• [TASK DESCRIPTION]: All lines from the one holding "Glazen bord met" through the last line of the entries below must be transcribed exactly, and no others. Pictures do not go in.

[Dataset excerpts]
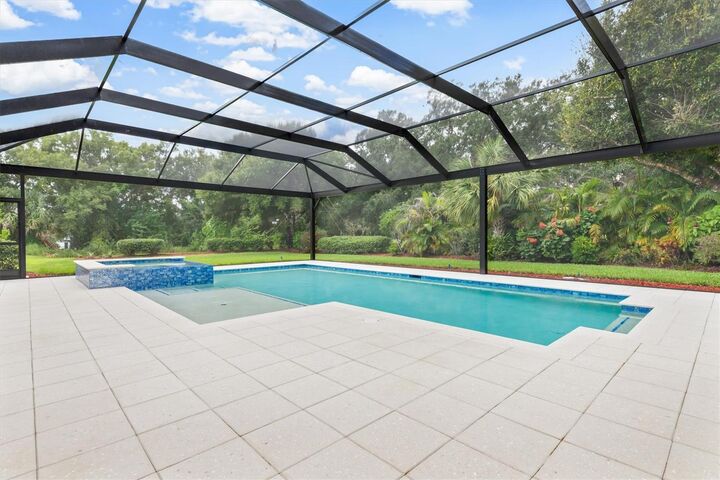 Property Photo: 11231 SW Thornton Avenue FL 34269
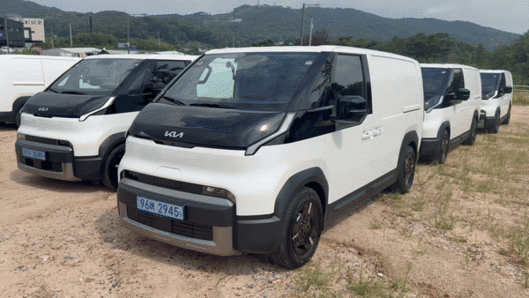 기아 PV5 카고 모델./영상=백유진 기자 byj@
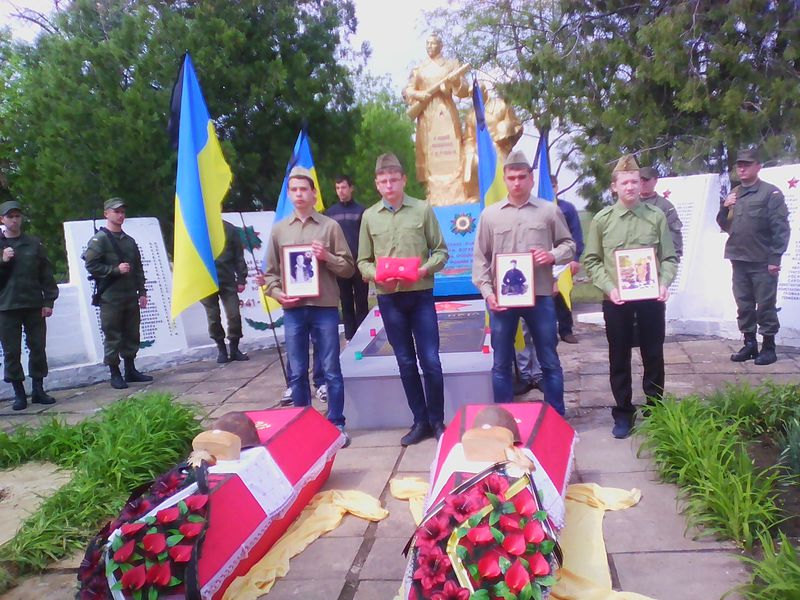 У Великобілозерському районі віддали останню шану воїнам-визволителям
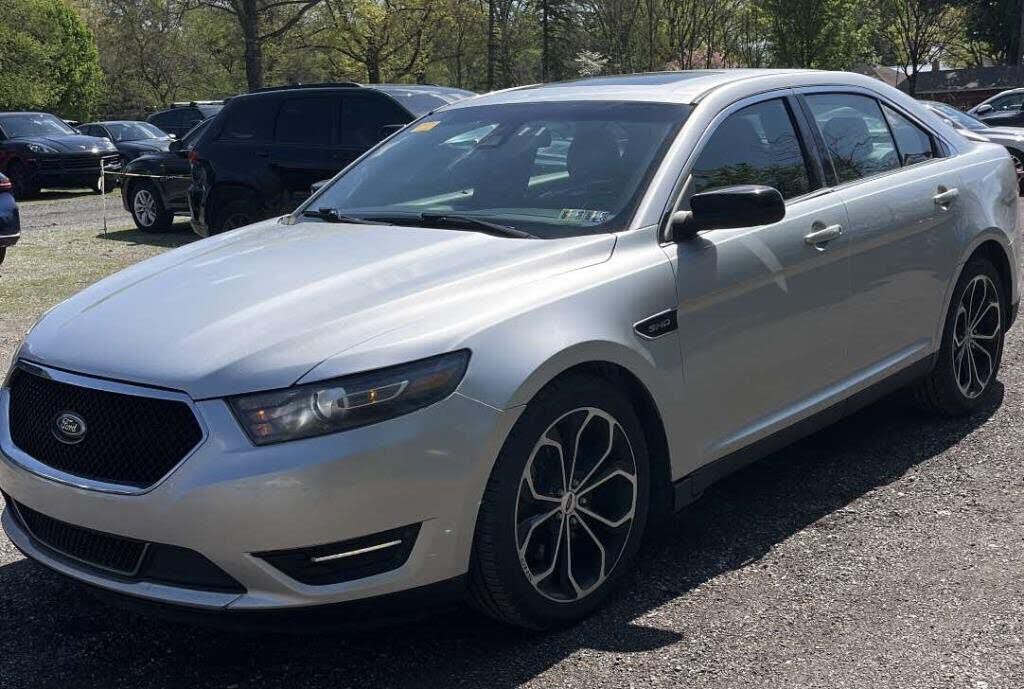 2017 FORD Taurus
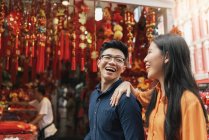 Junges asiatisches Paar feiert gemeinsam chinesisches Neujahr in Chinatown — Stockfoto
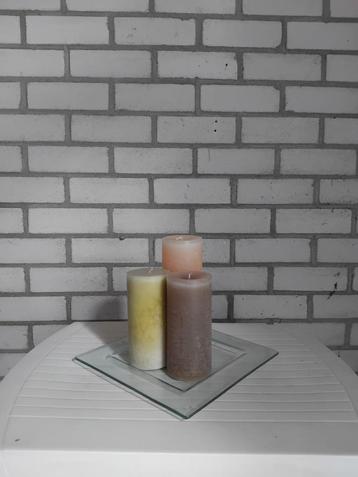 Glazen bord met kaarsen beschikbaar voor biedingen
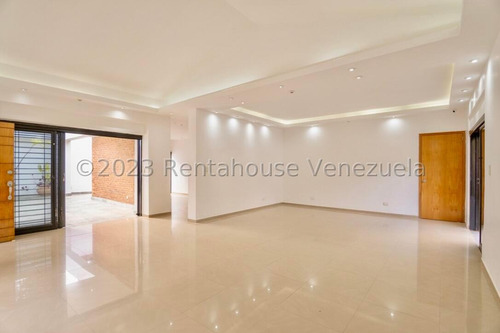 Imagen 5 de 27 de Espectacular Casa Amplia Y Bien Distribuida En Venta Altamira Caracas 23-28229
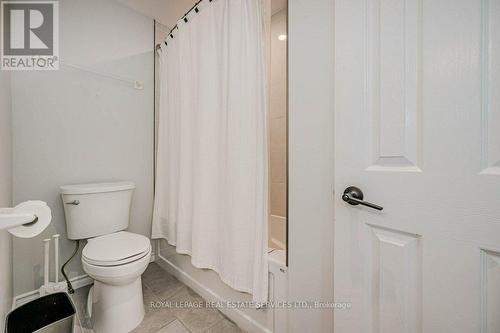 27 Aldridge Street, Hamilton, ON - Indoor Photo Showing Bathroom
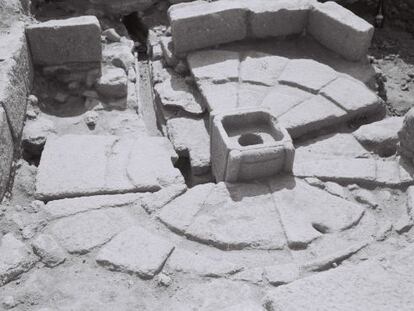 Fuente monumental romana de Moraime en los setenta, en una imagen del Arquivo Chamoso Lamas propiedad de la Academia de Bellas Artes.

• [YOUR SOLUTION]:
 Glazen bord met kaarsen beschikbaar voor biedingen
 Imagen 5 de 27 de Espectacular Casa Amplia Y Bien Distribuida En Venta Altamira Caracas 23-28229
 27 Aldridge Street, Hamilton, ON - Indoor Photo Showing Bathroom
 Fuente monumental romana de Moraime en los setenta, en una imagen del Arquivo Chamoso Lamas propiedad de la Academia de Bellas Artes.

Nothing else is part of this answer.